Since Microsoft has released fairly limited documentation of WordprocessingML so far, it is often best to learn through experimentation. Create a document in Word that uses various formatting features you are interested in. Save the document as XML. Then, investigate the WordprocessingML for the document, making note of how various document structures are represented as XML. Internet Explorer can be a good tool for viewing WordprocessingML documents. (See the sidebar "Using Internet Explorer to Inspect WordprocessingML Documents.")
- Don't try to learn everything
This tip offsets the first one. It is sometimes possible to get hung up on particular theoretical questions or problems when experimenting with WordprocessingML. But if you want to remain productive, you should be prepared to suspend understanding at various turns in your investigation. The beauty of WordprocessingML is that you can accomplish quite a lot without understanding everything in the markup. For example, to create a stylesheet that generates WordprocessingML documents, you would only need to prepare the document in Word itself, save it as XML, and then copy and paste the bulk of it into your stylesheet, zeroing in on only the elements that contain dynamic content.
- Use the Reveal Formatting task pane
Word's Reveal Formatting task pane (press Shift-F1) provides a very helpful intermediate view of formatting properties between the WordprocessingML itself and how the document actually looks. Moreover, if you check the "Distinguish style source" checkbox (at the bottom of the task pane), it will identify the source of specific formatting properties, distinguishing between those that are defined in a style and those that are applied as direct formatting. This chapter includes some example screen shots that use the Reveal Formatting task pane.
- Use the XML Toolbox
The XML Toolbox was quietly released by Microsoft as a plug-in for Word. It is Word's equivalent of View Source, and it is a godsend. It lets you view the underlying WordprocessingML for a document or selection right from within Word. You can also manually insert WordprocessingML, using the "Insert XML" dialog, shown in Figure 2-2. Ultimately, it is not a substitute for saving as XML, as it leaves out some things (such as document metadata and spelling errors). One caveat is that the XML Toolbox plug-in requires .NET Programmability support. This means that the .NET Framework 1.1 must have been installed prior to the Office 2003 installation. Get and read about this plug-in at http://msdn.microsoft.com/library/en-us/dnofftalk/html/odc_office01012004.asp
Figure 2-2. The "Insert XML" dialog, available only with the XML Toolbox plug-in for Word
Using Internet Explorer to Inspect WordprocessingML Documents
Internet Explorer's default tree-view stylesheet for XML documents provides a handy, readable way to investigate the structure of WordprocessingML documents.

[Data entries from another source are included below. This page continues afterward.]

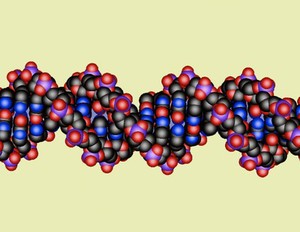 view DNA double helix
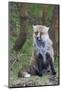 Red Fox-Hal Beral-Mounted Photographic Print
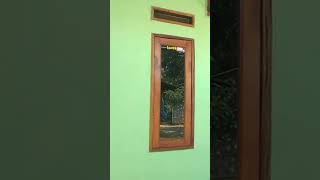 Rumah Sederhana Bernuansa Hijau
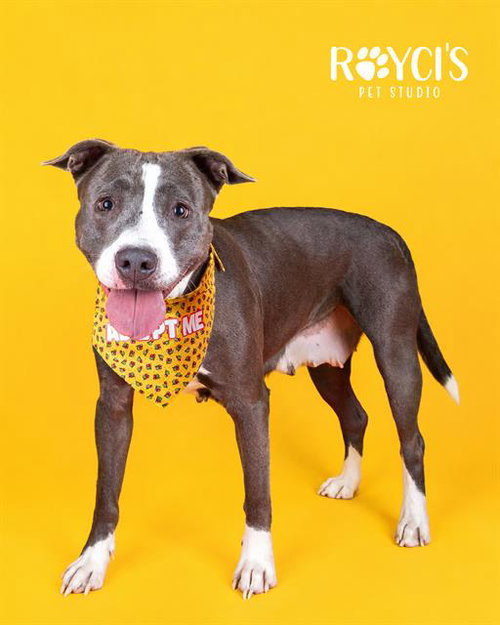 A122477, an adoptable Pit Bull Terrier in West Valley, UT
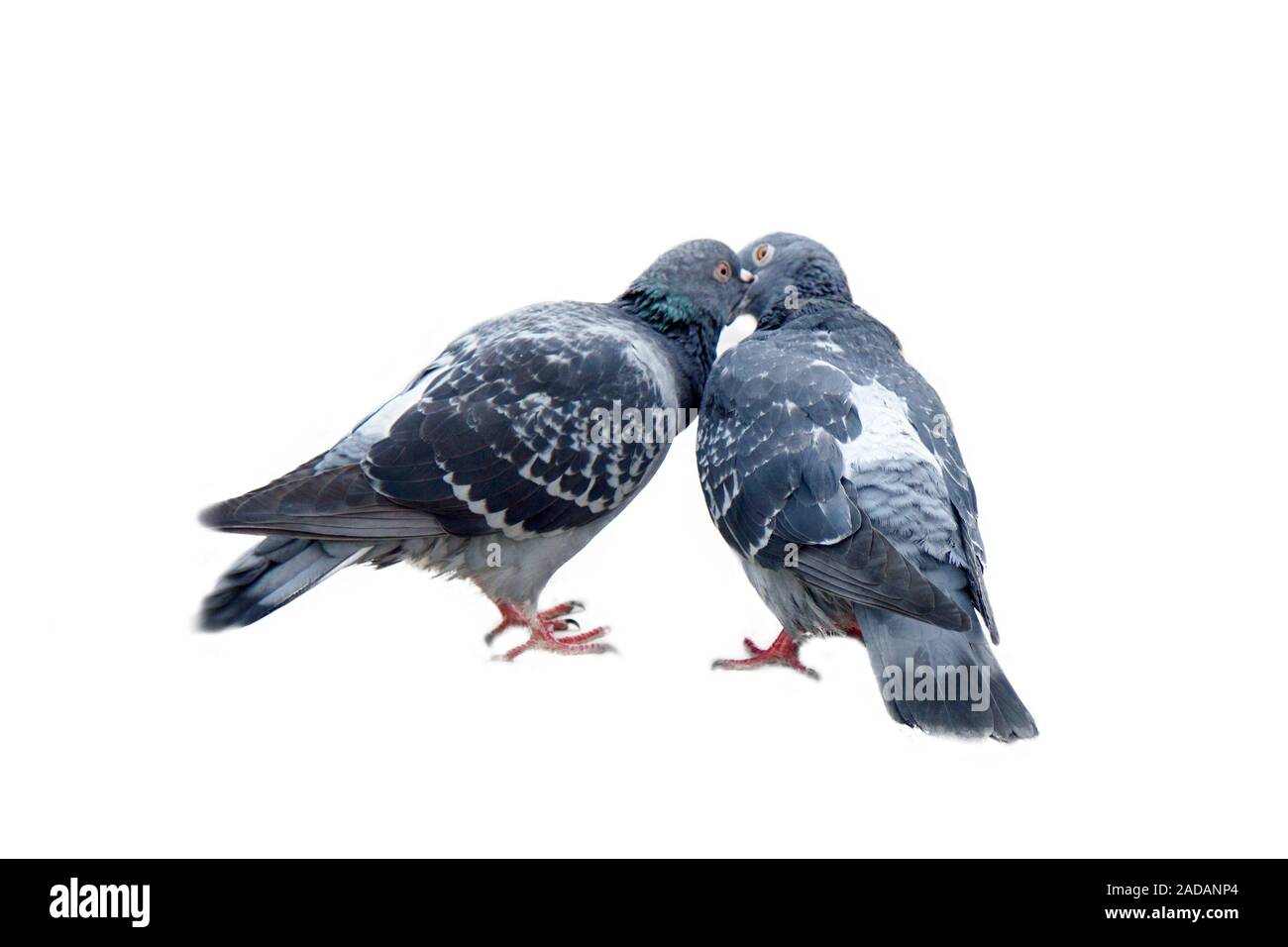 Embrassait PIGEONS sur balle-Jardin Décoration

However, if you try opening a WordprocessingML document in IE (e.g., by right-clicking the file and selecting Open With Internet Explorer), IE turns around and launches Word, because it too is now trained to recognize and honor the mso-application processing instruction. There are two techniques for getting around this.

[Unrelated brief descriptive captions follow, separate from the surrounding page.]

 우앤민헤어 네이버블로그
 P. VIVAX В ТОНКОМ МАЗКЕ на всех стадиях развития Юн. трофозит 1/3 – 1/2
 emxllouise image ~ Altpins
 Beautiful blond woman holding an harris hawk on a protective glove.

The first technique is to simply remove the mso-application PI before opening the WordprocessingML document in IE:
Save the Word document as XML and then close it.
Open the newly saved WordprocessingML document in Notepad.

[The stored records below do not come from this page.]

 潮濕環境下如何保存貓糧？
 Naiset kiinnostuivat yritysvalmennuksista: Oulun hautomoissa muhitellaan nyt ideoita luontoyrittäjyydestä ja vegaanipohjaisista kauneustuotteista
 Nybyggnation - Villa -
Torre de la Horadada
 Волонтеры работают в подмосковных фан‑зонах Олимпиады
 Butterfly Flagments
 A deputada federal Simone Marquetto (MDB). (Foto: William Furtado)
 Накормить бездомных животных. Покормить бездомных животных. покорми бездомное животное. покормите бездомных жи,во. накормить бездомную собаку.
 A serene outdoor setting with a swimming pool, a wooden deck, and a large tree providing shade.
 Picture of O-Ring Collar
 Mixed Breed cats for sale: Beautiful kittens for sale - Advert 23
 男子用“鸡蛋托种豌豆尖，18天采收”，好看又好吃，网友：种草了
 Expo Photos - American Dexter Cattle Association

Delete or comment out the mso-application PI and re-save.
IE will now display the document using its pretty XML tree view, and will continue to do so even if the document is subsequently updated by Word to include the mso-application PI. Once you've initially opened it in IE, you can refresh IE to see how changes to the document from within Word affect the underlying WordprocessingML.
The second technique involves making a temporary global system change, obviating the need to comment out the mso-application PI for each and every document you want to inspect.
Open the Registry Editor by selecting Start Run and typing regedit.
Find the sub-key named HKEY_LOCAL_MACHINE\SOFTWARE\Microsoft\Office\11.0\Common\Filter\text/xml.
Right-click the Word.Document string value entry, and select Rename.
Change the name to something like Word.DocumentDISABLED.
This will make it easy to restore the setting later, by simply renaming it again and removing the "DISABLED" part. With the WordprocessingML filter effectively disabled, IE will now open WordprocessingML documents using its default XML tree-view stylesheet just like any other XML document. Windows Explorer, however, will still continue to associate WordprocessingML documents with Word, which is probably what you will always want.